The controversial Dakota Access pipeline is in limbo after the U.S. Army Corps of Engineers on Sunday declined to approve a permit that the pipeline company, Energy Transfer Partners, needs in order to finish construction along the planned route.
Here’s a look at what might be next for the pipeline:
For the record:
7:30 p.m. Aug. 22, 2019In an earlier version of this story, the last name of attorney Chris Reagen was misspelled as Reagan.
Will the pipeline still be completed, but along a different route?
It’s hard to say. The pipeline has already largely been built save for a final section that was supposed to run underneath the Missouri River near the Standing Rock Sioux Reservation. Construction of that section is now stalled while the Army Corps of Engineers conducts a formal review of the environmental impact the pipeline would have. Once that’s finished, the Army Corps of Engineers would come to a final decision about the pipeline, in light of its findings and public input.
In a statement Sunday, Energy Transfer Partners repeated its assertion that it was not open to alternative routes. The company is “fully committed to ensuring that this vital project is brought to completion and fully expect[s] to complete construction of the pipeline without any additional rerouting.… Nothing this administration has done today changes that in any way.”
One possible reason for the company’s insistence on the current route, beyond its estimated $2.5-billion investment to date, is the impending deadline it faces to get oil flowing in the pipeline or risk losing lucrative oil contracts negotiated when crude oil prices were significantly higher than today.
“Dakota Access has committed to complete, test and have [the pipeline] in service by Jan. 1, 2017,” the company revealed in August, in response to a motion for an injunction against the pipeline filed by the Standing Rock Sioux Tribe. “The long-term transportation contracts give shippers a right to terminate their commitments if [the pipeline] is not in full service per the contract deadline…. Loss of shippers to the project could effectively result in project cancellation.”
Despite mention of possible alternate routes, there’s been little public discussion of the matter. “That’s exactly the problem,” said Jan Hasselman, an attorney for Earthjustice in Seattle who represents the Standing Rock Sioux Tribe. “They should have been examining alternatives in a transparent and public way from the beginning.”

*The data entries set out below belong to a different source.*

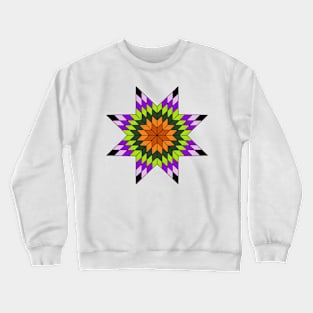 Halloween star quilt pattern Crewneck Sweatshirt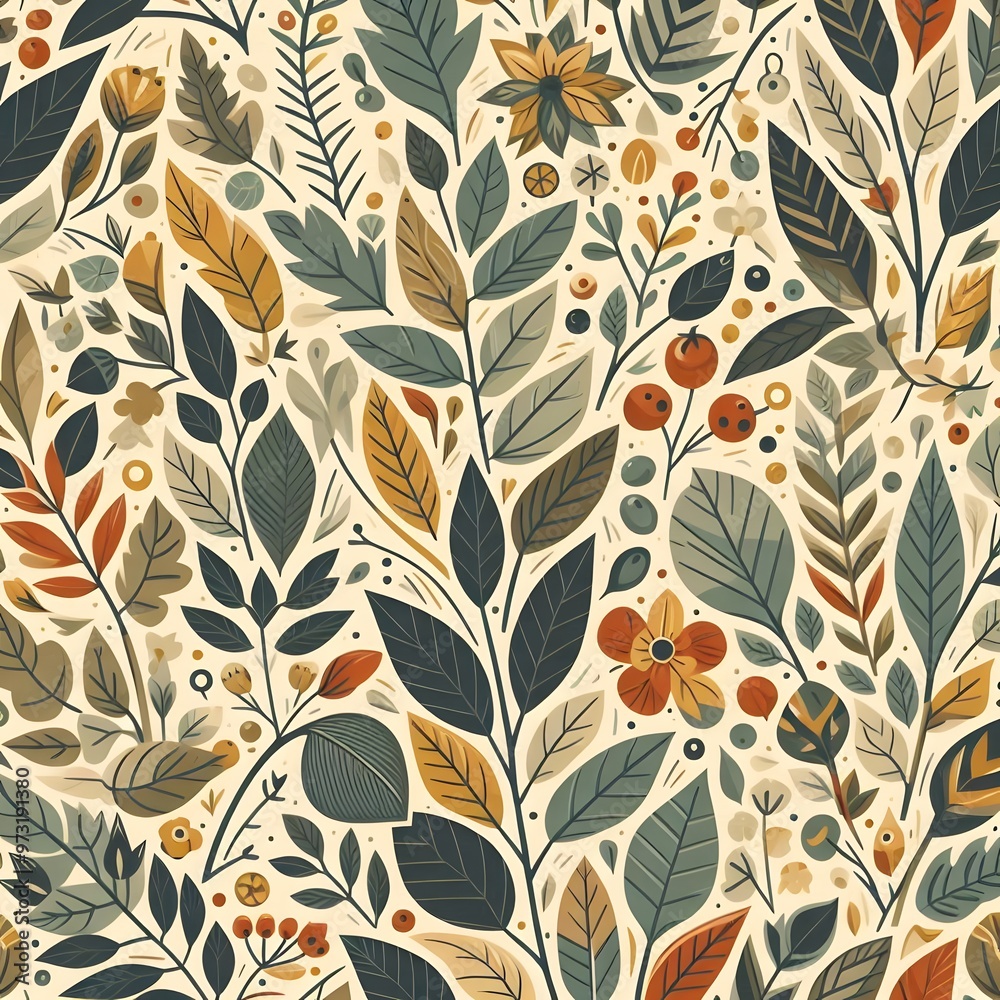Seamless Floral Leaf Pattern Design Wallpaper Nature Design for Vintage Art Decoration Ornament Background 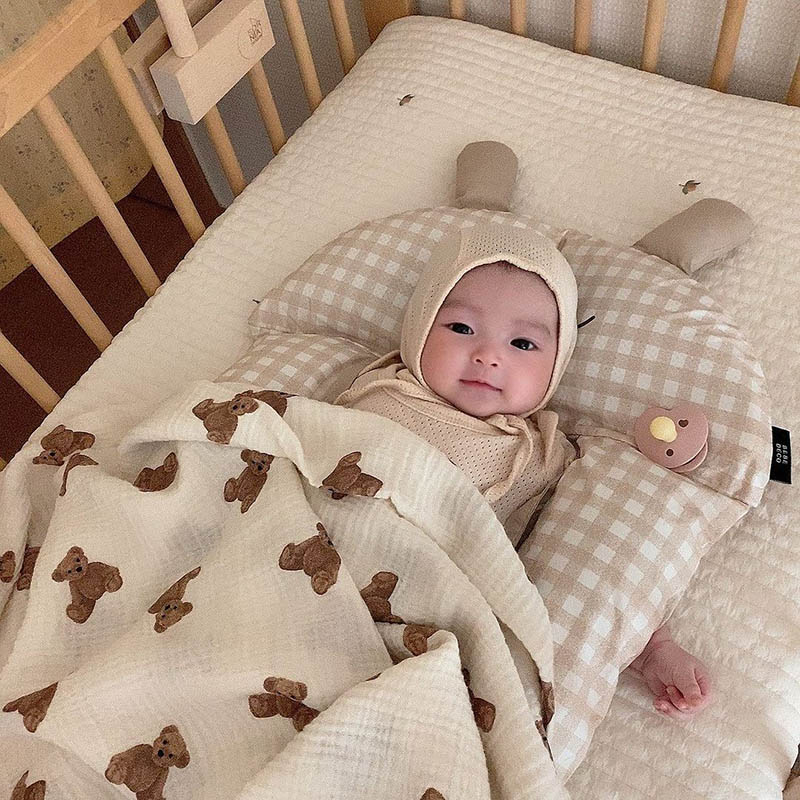 Bear Print Baby Blankets Newbo - Swaddle Blanket Muslin reseña y precio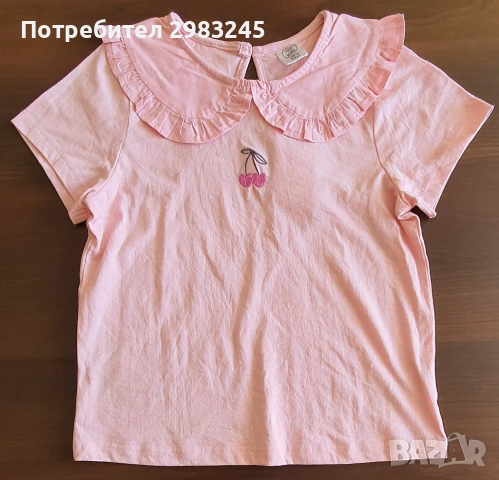 Детска розова блуза с къси ръкави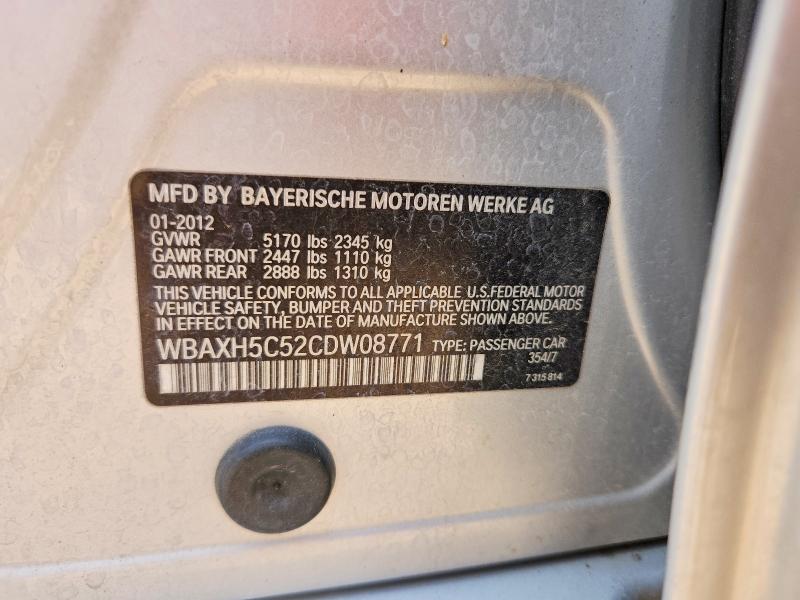 52350976 :رقم المزاد ، WBAXH5C52CDW08771 vin ، 2012 Bmw 528 Xi مزاد بيع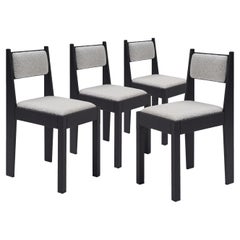 Set of 4 Art Deco Chairs, Black Ash Wood, White Upholstery & Bronze Details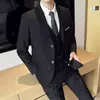 Terno de casamento casual de negócios masculino, conjunto de 3 peças, colete e calças masculinas bonitas de banquete, alta qualidade, nova moda, R$ 2020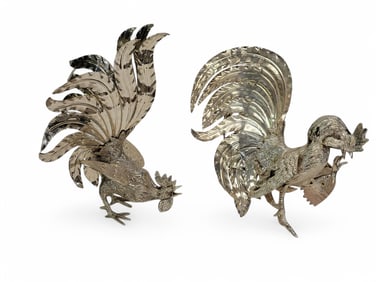 PAIR OF SILVER-PLATED TABLE ORNAMENTS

Early in the process, officials considered routing the pipeline near Bismarck, N.D., but rejected the idea, in part because of worries about the proximity of the pipeline to municipal wells.
Hasselman said the tribe had proposed one alternative that does not cross the Missouri River, but it had yet to be thoroughly examined.
Can Donald Trump just reverse the Army Corps’ decision when he takes office?
Some believe the Obama administration’s action would be easily reversed by the incoming Trump administration.
The decision “violates the rule of law and fails to resolve the issue,” said North Dakota Republican Sen. John Hoeven. “Instead, it passes the decision off to the next administration, which has already indicated it will approve the easement.”
Morton County Commissioner Cody Schulz, whose militarized police forces have spent more than $10 million in repeated confrontations with protesters to secure the pipeline route, added, “It appears the federal government let the citizens of Morton County, law enforcement officers and protesters suffer for months while making a political decision that is likely to be overturned when the new administration takes office next month.”
“This is an opportunity for President Trump to send a clear and quick signal that America is open for business,” Craig Stevens, a spokesman for the Midwest Alliance for Infrastructure Now, a coalition supporting the pipeline, said in an interview. “And that American infrastructure is available for investment.”
Yet it was far from clear that a new president could quickly reverse the Army Corps’ decision. Lawyers, activists, congressional staffers and industry analysts spent Monday parsing the statement by Jo-Ellen Darcy, the Army’s assistant secretary for civil works, that “there’s more work to do,” and that alternative routes “would be best accomplished through an environmental impact statement with full public input and analysis.”
The statement from the Army Corps of Engineers does not explicitly state that it will never grant the easement, but it emphasizes the need to explore alternative routes.
“It’s a significant win,” said Jane Kleeb, a longtime pipeline foe and director of the environmental coalition Bold Alliance. How significant? “We won’t know,” Kleeb said, until the scope of the environmental impact statement is printed in the Federal Register in the coming weeks.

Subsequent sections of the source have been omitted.